Ese día, a modo de bienvenida, dijo que nos quería mucho, que tenía especial reconocimiento hacia la música que componíamos e interpretábamos. Éramos muy jóvenes y esas palabras seguramente nos marcaron para siempre porque venían de una persona que admirábamos, profundamente conocedora del tema y que hacía de la sobriedad un instrumento de vida.

A Aída la consideré casi como otra madre, menudita como la mía, cariñosa, prieta de ideas profundas y sentencias simples. La tengo en el costado izquierdo, como bellamente dice el tango, sentadita frente a su viejo piano, por allí no más, en su cordial casa de Ignacio de la Roza casi Santiago del Estero, junto a la sombra hermosa y carismática de su esposo, don Hermán Poblete Varas, haciéndole decir al teclado pájaros y campanarios y componiendo canciones memorables.

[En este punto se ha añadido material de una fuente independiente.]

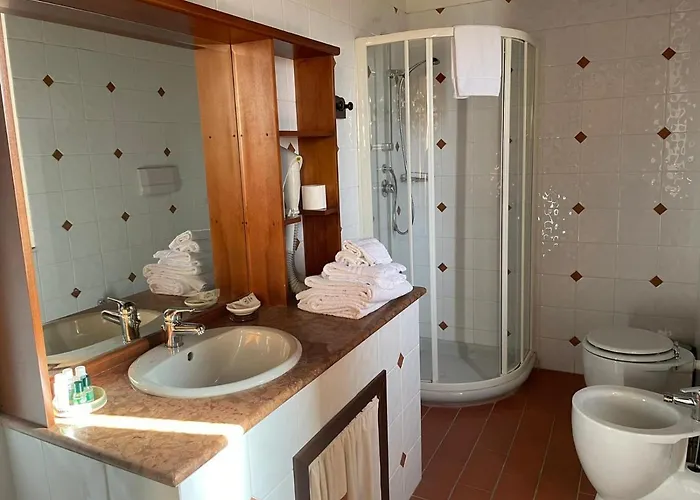 Il Castello Dei Principi Sanseverino Otel 4*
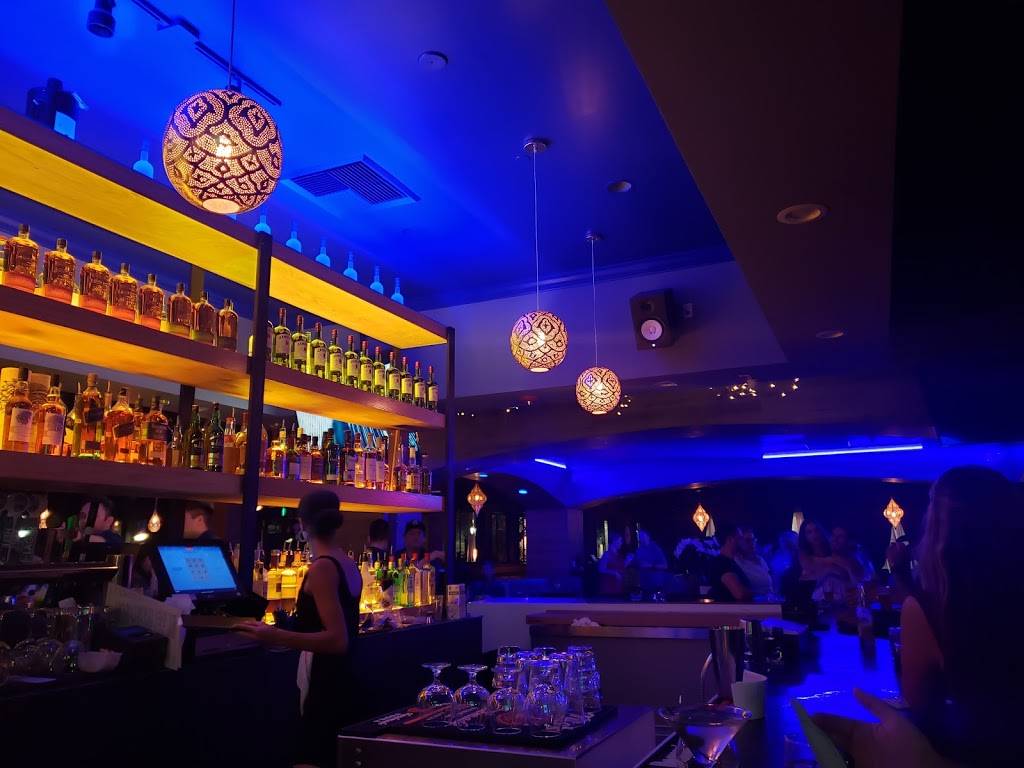 Black ‘N Blue | restaurant | 24300 Town Center Dr #110, Santa Clarita, CA 91355, USA | 6612889988 OR +1 661-288-9988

Aída Marchese de Poblete se fue un poquito después que mi madre, casi vecinas ellas, hoy comadres en el infinito ademán del viento celeste, emparentadas por ese generoso don de la simpleza y el rito de la eternidad. Buscan acequias tus bemoles sanjuaninos, Aída; recopilan por el Zonda torcazas y suspiros tus valses cuyanos; un San Juan de buenas costumbres y nostalgias seguramente ha de dormir sus siestas en el espaldar de tus sueños; es posible que nada haya igual para esta provincia desde que al viejo piano le desentrañaste, a modo de besos y pasiones dulces, las canciones que te distinguieron; desde que, como Directora de Cultura, le pusieras un sello a nuestras ilusiones, para que San Juan fuera ante el mundo.

Es una falsa alarma, un mentidero, un lamentable error, la sospecha que da a tu piano como desplomado por el silencio. No sé donde estará, poco importa, está. Lo cierto es que sigue acopiando pentagramas de pájaros que se esconden en la guarida madera de su corazón.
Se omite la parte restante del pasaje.